Distorted guitars ripped through the stadium, a raw voice piercing the air as the lights came up onstage. My breath caught in my lungs. I was in Atlanta to see Lorde, and Mitski was the opening act; I had no idea who she was. There was something about the way she laid her heart on the stage, armed with a microphone and an earth-shattering bassline, that was unlike anything I’d ever heard before. She compared falling in love with jumping off a balcony, an abusive relationship to a room full of broken trinkets. She was anguished, angry, but she wasn’t consumed by it. So many women in the music industry sing about cheating boyfriends and addictions as if they’re unbeatable, but Mitski sang as if she were saving her own life. “I am stronger than you give me credit for,” she howled, and I believed her. When her set was over, the reverb shaking the concrete below me felt like a question. I didn’t have an answer yet, but I knew I was just as angry as she was. And I knew I wanted to do that.

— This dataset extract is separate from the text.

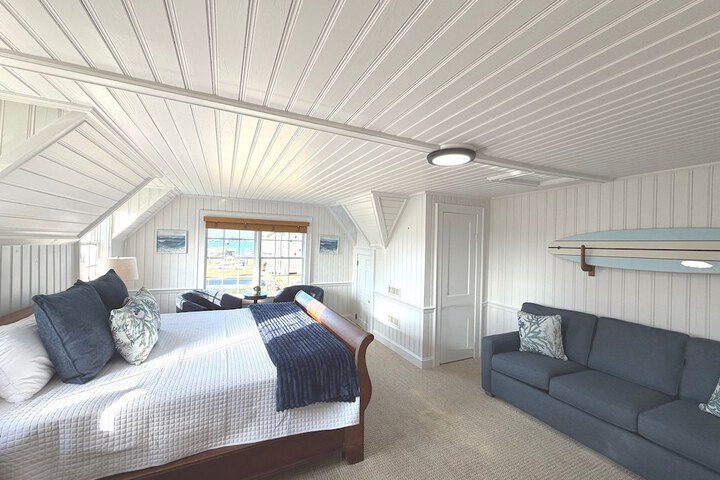 Room 12 of 24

I ended up looking at music publications like NME and The Q to find new favorites. I found more and more women working through their anger and trauma via music. From symphonic metal albums to Halsey’s latest singles, abusers and double standards were being put in their place. Enter Hayley Williams of Paramore fame with her single “Simmer,” a menacing, slow-burning ode to feminine rage. I’d been a fan of hers for years, but this was unlike anything she’d released with her band; this was leaner, sharper, more restrained. The video features Williams alone in a forest, running from her own anger, asking, “How to draw the line between wrath and mercy?” She finds peace in loneliness and spite after a short-lived and volatile marriage; the music isn’t particularly loud or volatile, but it brought the solace I was looking for.

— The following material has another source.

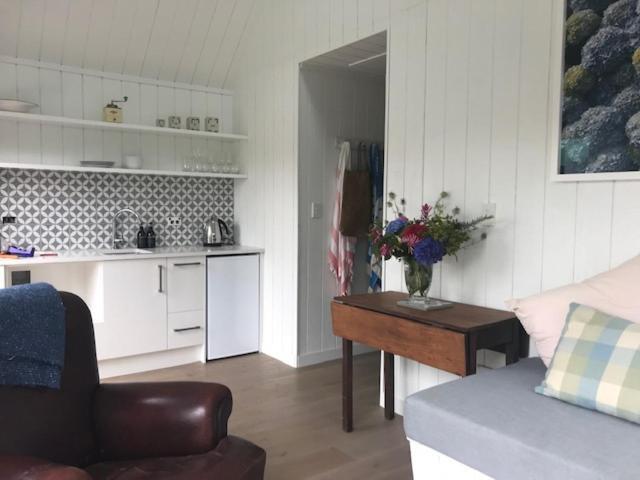 Hahei Kereru Cottage ภายนอก รูปภาพ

This seems to be the most common misconception about turning rage into art—that the art itself has to be angry. From the riot-grrrl movement to the women of Lilith Fair, music that went against the grain was dismissed as “tampon rock” and second-wave feminists were stereotyped as aggressive man-haters. I was afraid that listening to angry music and making angry art would make me an angry person, the worst thing for a girl to be. Sometimes I still am. But the truth is nothing beats watching a woman take her life back. If there was anything more exhilarating and cathartic than hundreds of teenage girls screaming lyrics they’d scribbled on their bedroom walls, I had yet to find it.

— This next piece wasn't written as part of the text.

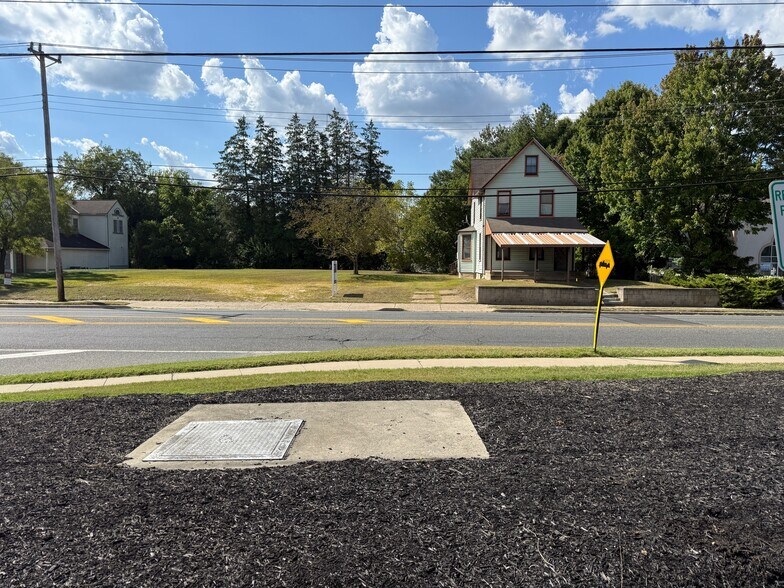 More Photos Of 211 E Laurel Rd, Stratford Office For Sale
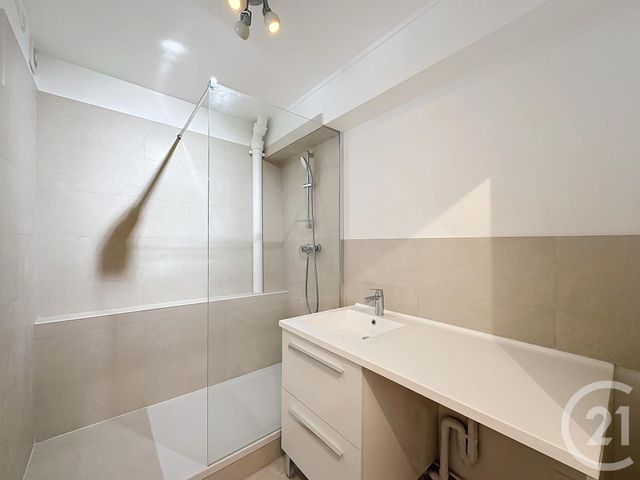 Appartement F2 à louer - 2 pièces - 53.82 m2 - VERSAILLES - 78 - ILE-DE-FRANCE - Century 21 Fels Immobilier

Then, last December, I discovered something else: modern witchcraft. A friend told me that her practice helped with her depression. I wondered if it could ease the growing unrest I felt, sated only by Mitski and the women like her. I had heard of Wicca and other types of paganism, but this kind of spirituality felt more open to interpretation. Unconcerned with propriety and purity, witchcraft placed emphasis on sheer will. It empowered marginalized people through something primal and personal, energy much like the kind I felt when I listened to Hayley Williams’ cathartic “Simmer.” Online covens routinely cast hexes on Harvey Weinstein, Brett Kavanaugh, and Trump—constant reminders of how pissed women are and deserve to be. There were spells to protect women’s reproductive rights, charms that turned anger into protection against outside forces: rage reinforced safety and femininity in any form. I put aside my initial hesitation and tried casting a few spells. Whether or not they worked was debatable, but I always felt a little lighter afterward.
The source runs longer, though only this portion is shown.